Les responsables locaux et les chefs tribaux « travaillent dur pour combler le fossé que les terroristes ont creusé entre les familles de l'Anbar », a fait savoir le député irakien Falih al-Esawi, qui représente l'Anbar au parlement.

Cette province, la plus à l'ouest de l'Irak, entreprend un effort concerté pour décourager les attaques de vengeance, l'incitation et la violence, a-t-il indiqué à Diyaruna.

Les dirigeants tribaux et locaux travaillent pour atteindre une plus grande stabilité civile en tentant d'unifier leur approche et de résoudre « des problèmes insolubles grâce à des rencontres directes de réconciliation entre les familles », a rapporté al-Esawi.

Ces actions ont pour but de garantir que tout le monde est traité équitablement face à la loi, a-t-il déclaré, « car les victimes du terrorisme ont des droits, et les membres innocents de familles de l'EIIS ne doivent pas non plus être négligés ».
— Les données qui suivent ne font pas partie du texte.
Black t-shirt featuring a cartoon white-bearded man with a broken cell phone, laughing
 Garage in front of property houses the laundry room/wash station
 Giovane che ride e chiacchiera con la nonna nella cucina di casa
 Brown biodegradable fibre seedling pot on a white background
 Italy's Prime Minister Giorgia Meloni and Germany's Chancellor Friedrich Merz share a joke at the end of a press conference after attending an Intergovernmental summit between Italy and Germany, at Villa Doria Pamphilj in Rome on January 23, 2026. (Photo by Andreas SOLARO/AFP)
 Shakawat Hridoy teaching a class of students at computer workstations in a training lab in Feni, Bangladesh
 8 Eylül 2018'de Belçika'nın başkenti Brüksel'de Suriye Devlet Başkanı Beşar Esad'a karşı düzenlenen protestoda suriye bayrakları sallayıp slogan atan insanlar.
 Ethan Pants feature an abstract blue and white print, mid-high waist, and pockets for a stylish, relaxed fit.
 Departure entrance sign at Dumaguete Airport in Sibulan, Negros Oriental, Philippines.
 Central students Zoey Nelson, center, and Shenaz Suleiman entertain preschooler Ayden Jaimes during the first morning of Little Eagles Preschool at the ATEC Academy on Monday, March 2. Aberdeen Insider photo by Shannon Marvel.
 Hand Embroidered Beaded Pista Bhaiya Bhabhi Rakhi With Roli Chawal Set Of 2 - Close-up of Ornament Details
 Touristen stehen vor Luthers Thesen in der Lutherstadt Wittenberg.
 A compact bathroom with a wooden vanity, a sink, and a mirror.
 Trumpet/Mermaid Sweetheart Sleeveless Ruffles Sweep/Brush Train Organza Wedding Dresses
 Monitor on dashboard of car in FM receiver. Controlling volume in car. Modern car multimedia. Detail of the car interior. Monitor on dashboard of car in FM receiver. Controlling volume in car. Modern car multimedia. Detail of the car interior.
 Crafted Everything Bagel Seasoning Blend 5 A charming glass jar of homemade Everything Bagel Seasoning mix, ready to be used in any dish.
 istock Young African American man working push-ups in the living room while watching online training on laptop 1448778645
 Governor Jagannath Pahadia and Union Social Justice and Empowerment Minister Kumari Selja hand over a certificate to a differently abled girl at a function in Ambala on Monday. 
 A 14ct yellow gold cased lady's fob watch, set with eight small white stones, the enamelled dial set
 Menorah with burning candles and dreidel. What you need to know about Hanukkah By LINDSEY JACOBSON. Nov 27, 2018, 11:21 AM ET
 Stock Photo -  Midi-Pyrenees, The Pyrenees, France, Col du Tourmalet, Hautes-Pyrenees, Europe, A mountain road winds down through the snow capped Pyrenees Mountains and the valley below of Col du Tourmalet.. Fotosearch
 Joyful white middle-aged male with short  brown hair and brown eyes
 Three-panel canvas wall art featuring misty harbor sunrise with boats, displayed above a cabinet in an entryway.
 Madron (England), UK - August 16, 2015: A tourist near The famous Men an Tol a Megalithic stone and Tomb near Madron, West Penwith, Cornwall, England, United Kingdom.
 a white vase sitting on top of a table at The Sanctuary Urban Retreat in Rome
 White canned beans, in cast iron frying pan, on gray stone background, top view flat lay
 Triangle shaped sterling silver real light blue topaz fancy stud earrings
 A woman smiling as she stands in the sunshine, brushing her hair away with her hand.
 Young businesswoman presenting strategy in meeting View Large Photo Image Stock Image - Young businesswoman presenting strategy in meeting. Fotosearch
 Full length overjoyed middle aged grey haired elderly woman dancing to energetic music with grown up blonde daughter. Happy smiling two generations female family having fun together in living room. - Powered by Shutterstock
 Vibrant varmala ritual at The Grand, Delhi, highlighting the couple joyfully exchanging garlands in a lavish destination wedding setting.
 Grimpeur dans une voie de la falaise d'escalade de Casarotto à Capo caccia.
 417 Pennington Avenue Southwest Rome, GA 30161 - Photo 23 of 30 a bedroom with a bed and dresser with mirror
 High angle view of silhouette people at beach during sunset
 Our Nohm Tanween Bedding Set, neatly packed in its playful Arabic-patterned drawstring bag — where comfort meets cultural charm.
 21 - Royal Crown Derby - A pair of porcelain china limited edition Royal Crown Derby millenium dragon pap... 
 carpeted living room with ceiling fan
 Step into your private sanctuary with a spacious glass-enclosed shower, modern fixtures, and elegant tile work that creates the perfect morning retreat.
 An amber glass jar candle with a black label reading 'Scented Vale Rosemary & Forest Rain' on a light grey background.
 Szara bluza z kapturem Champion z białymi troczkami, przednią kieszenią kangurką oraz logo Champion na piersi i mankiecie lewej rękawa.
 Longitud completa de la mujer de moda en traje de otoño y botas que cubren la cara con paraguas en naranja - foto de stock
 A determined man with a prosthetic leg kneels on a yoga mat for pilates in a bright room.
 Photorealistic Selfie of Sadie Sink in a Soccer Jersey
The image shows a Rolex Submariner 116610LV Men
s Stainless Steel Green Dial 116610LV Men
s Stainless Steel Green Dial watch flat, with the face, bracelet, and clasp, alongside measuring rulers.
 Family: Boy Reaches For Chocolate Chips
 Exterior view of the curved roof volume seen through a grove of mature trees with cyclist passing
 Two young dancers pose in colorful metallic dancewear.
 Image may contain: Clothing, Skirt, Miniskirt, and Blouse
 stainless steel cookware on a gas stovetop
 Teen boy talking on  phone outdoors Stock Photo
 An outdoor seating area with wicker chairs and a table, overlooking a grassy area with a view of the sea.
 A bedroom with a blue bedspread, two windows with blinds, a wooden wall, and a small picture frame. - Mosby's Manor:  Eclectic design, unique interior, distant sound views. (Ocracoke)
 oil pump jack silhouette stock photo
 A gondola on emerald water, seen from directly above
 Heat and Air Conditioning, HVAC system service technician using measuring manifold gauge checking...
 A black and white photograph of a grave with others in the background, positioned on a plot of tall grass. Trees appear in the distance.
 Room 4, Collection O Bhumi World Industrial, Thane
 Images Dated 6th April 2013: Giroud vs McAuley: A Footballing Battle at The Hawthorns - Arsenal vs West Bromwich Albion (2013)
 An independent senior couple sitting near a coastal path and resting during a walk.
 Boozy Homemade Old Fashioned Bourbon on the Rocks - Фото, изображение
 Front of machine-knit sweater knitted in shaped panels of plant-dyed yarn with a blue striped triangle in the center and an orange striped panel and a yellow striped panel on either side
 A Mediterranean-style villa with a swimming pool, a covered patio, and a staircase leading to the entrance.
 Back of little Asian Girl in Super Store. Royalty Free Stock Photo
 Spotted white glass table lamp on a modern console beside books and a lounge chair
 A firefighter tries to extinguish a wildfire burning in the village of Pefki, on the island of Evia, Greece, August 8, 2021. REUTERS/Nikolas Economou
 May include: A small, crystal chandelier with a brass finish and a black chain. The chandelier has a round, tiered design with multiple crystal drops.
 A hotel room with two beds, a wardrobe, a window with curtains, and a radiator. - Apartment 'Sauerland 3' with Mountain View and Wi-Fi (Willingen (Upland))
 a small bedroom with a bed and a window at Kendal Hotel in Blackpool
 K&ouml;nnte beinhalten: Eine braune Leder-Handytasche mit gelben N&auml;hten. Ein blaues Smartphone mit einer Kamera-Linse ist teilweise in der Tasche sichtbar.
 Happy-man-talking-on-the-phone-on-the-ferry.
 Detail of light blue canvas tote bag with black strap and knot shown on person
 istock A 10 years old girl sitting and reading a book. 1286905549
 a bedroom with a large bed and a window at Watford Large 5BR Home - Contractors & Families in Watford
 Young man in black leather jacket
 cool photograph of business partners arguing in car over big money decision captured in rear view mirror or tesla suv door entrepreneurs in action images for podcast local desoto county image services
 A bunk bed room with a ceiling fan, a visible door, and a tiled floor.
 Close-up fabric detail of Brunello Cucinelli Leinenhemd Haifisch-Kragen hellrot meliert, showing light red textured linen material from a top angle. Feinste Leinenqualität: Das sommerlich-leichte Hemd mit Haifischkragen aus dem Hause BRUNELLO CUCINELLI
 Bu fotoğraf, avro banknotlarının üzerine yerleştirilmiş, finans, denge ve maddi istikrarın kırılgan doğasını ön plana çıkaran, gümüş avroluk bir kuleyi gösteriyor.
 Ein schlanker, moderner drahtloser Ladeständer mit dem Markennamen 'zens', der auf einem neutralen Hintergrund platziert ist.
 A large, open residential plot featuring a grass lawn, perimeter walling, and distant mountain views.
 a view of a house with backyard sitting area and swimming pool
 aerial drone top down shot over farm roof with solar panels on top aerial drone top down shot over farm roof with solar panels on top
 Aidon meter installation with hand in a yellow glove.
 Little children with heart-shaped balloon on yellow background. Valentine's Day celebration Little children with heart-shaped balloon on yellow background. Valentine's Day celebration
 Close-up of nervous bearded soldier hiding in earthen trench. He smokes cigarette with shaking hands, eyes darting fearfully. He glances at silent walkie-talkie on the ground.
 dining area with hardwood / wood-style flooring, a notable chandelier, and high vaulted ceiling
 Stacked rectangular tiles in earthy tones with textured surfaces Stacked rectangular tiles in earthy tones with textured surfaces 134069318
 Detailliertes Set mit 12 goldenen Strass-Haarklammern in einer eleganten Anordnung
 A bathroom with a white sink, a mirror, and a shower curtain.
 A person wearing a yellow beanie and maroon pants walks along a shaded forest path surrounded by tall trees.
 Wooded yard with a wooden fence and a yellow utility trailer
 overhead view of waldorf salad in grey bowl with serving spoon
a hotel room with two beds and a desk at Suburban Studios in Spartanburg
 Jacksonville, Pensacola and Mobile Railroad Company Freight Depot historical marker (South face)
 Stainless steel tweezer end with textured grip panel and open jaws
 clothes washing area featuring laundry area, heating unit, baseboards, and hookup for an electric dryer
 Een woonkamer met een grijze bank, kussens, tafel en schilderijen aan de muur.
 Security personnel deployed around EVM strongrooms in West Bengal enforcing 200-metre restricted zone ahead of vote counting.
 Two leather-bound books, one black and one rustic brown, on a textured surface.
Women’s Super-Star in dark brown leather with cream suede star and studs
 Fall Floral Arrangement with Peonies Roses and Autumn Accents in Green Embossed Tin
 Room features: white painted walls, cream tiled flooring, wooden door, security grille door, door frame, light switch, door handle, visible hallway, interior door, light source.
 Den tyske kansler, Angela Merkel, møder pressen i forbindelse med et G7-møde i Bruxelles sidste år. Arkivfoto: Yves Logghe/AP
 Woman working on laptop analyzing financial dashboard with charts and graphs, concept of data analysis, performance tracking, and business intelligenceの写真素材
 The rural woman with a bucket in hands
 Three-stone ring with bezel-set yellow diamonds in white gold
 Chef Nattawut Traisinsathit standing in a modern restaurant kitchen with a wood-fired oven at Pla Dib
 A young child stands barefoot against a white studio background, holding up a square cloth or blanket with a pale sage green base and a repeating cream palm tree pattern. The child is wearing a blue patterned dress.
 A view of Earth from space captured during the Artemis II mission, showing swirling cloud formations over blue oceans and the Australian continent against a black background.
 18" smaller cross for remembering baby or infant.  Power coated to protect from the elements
Si les familles des combattants de l'EIIS ne peuvent pas se réinsérer dans la société, elles risquent de « devenir des proies faciles pour les extrémistes et les partisans de la violence », a-t-il fait savoir.

« Bien que nous essayions de résoudre cette question complexe, une résolution finale nécessitera beaucoup de temps et d'efforts de la part des institutions étatiques et du système judiciaire, ainsi que de la société civile et des organisations internationales », a-t-il conclu.